I'm attempting to generate a 3D histogram for a large set of two-dimensional coordinates ($\approx 10^7$). the x- and y-components of each coordinate are rounded to the nearest integer, and these rounded values are used as indices in a histogram matrix counting the number of coordinates rounded to the same integer values.
For example, if we have some list of elements:
ElementList={{102.2134124213,101.2421321312},{500.2,2761.7},{102.542423,101.344}}
We would add $+2$ to position {102, 101} in the histogram matrix, and $+1$ to the position {500, 2761}.
Here's the piece of code I'm running:
ElementList = Table[{RandomReal[{1, 2000}], RandomReal[{1, 2000}]}, {x, 1, 10^7}];
HistogramDimX = 2000;
HistogramDimY = HistogramDimX;
ImageMatrix = Array[0 &, Length[ElementList]];
ImageMatrixHistogram = Array[0 &, {HistogramDimX, HistogramDimY}];
For[i = 1, i <= Length[ElementList], i++,
RoundedCoordinate = Round[ElementList[[i]]];
ImageMatrixHistogram[[Round[RoundedCoordinate[[1]]],
Round[RoundedCoordinate[[2]]]]] += 1;
];
MatrixPlot[ImageMatrixHistogram, ColorFunctionScaling -> True, MaxPlotPoints -> 10^12]
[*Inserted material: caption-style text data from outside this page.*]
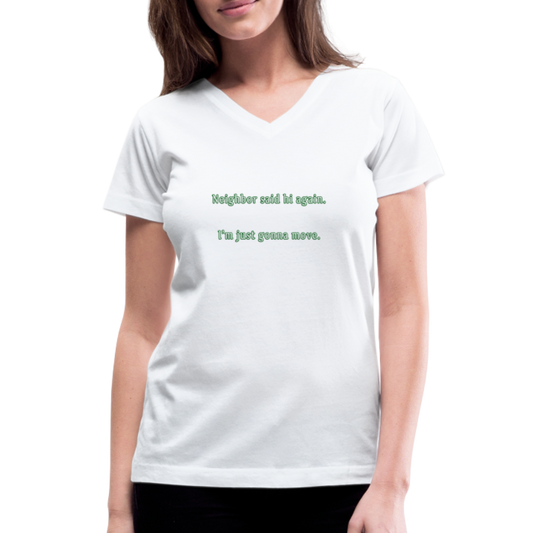 Neighbor - Women's V-Neck T-Shirt - white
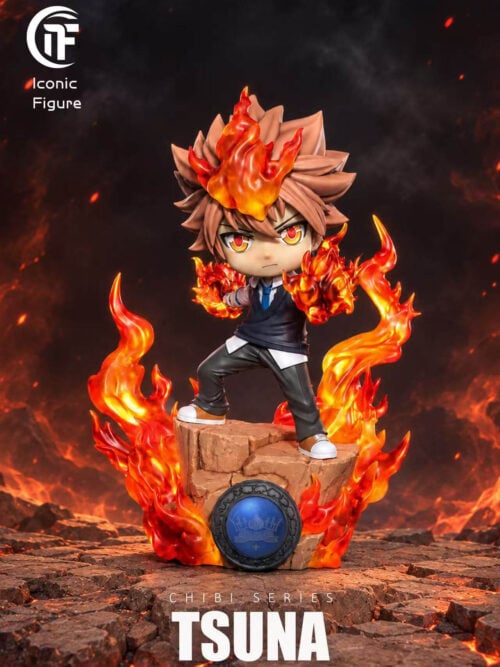 Tsunayoshi Sawada chibi figure with flame-covered hands on a stepped rock base surrounded by orange-red flames.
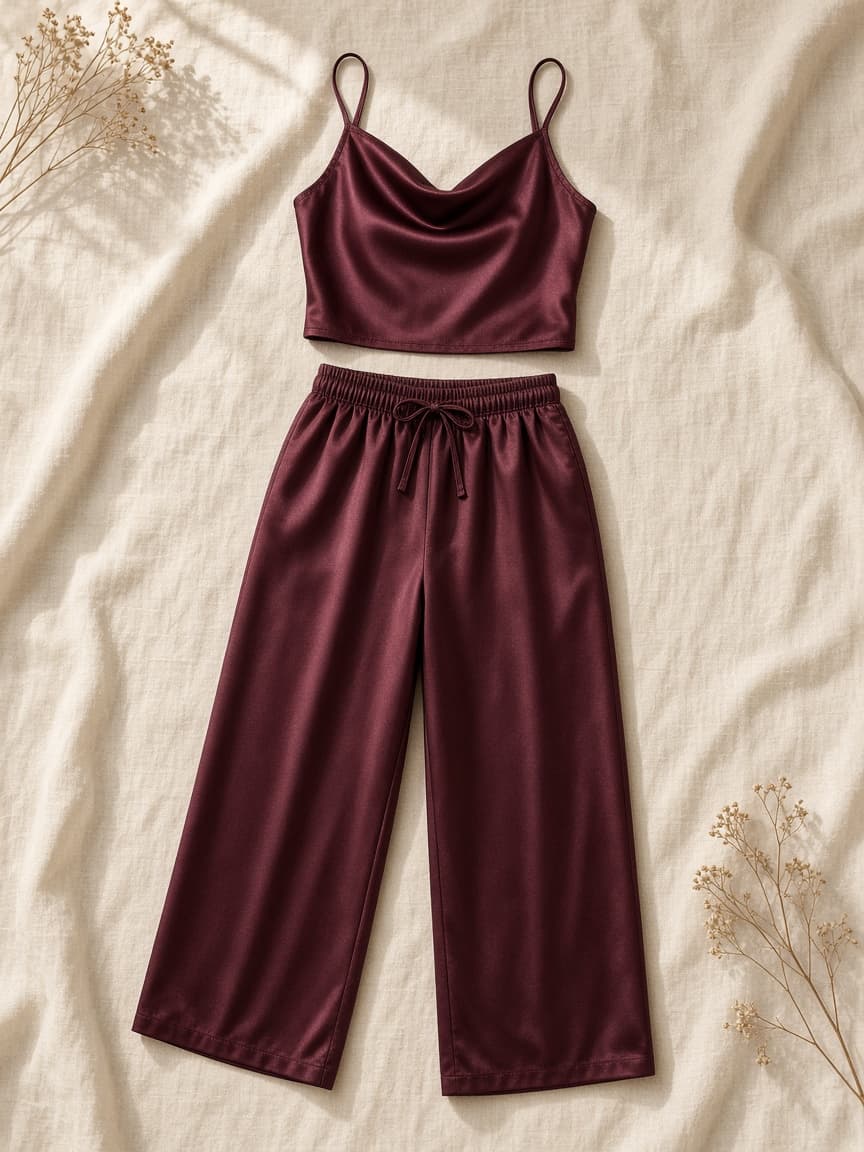 Cropped Pant Set – Satin — Maroon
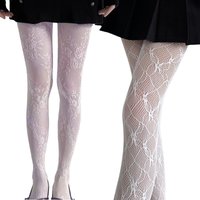 Wedding White Stockings Bridal Tights Floral Nylon Fishnet Tights White Lace Cut-out Mesh Pantyhose for Women Y2K Plus Size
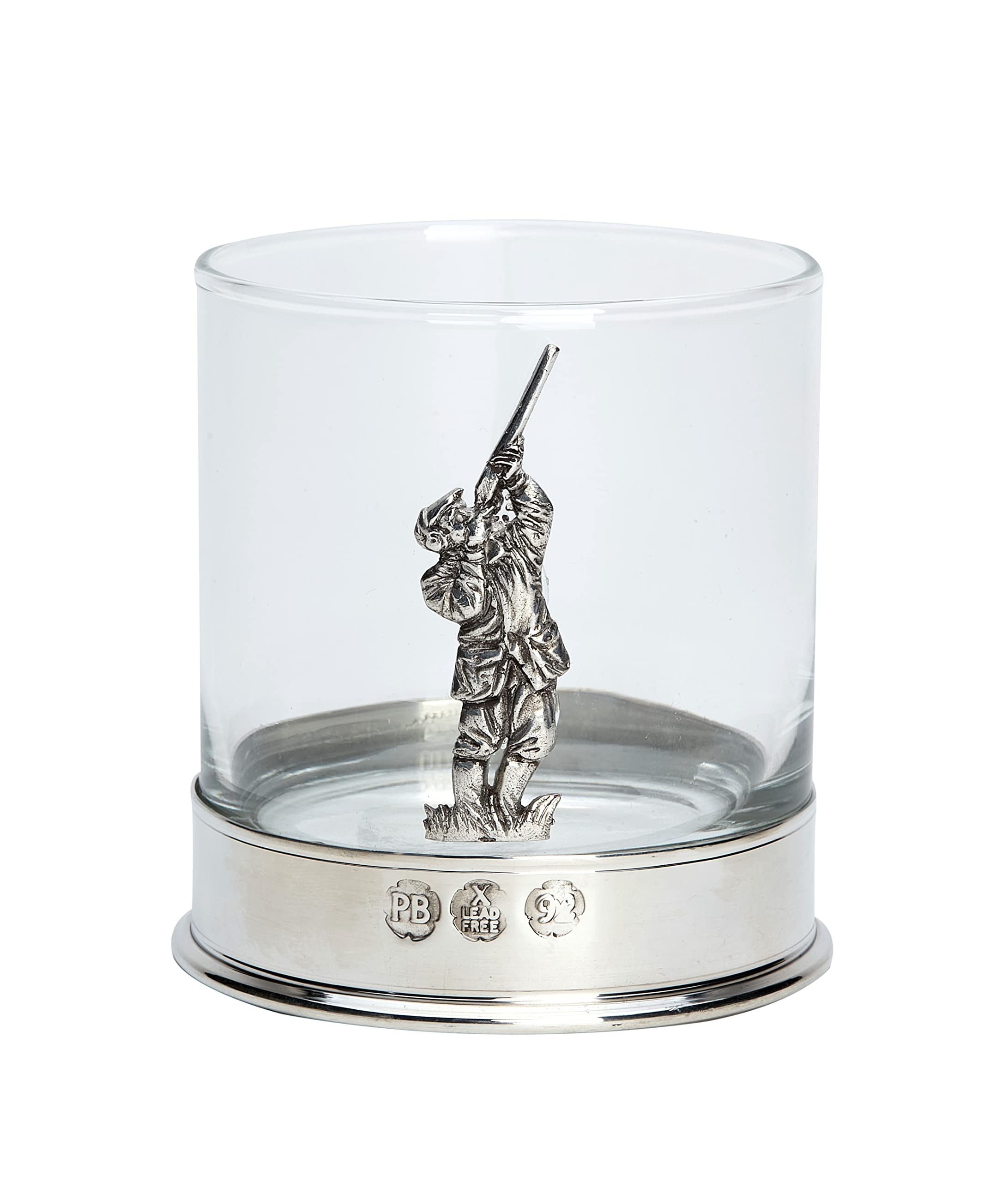 Pewterware Mounted 12oz Whisky Glass with a Clay/Game Shotgun Shooting Emblem. in a Presentation Box of 1 or 2 Glasses (1)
This takes 94.7 seconds to run on a single X5690 3.47 GHz Intel Xeon(R) CPU. Is there a way to significantly speed this process up, and use a more efficient data structure that scales proportionally with the number of elements in ElementList rather than the dimensions of the histogram matrix (i.e. HistogramDimX & HistogramDimY)? I suppose I'd very much like the output to look something like the output of MatrixPlot in the above example.
Directly applying MatrixPlot to the data works terribly, which I suppose is due to some auto-interpolation occurring.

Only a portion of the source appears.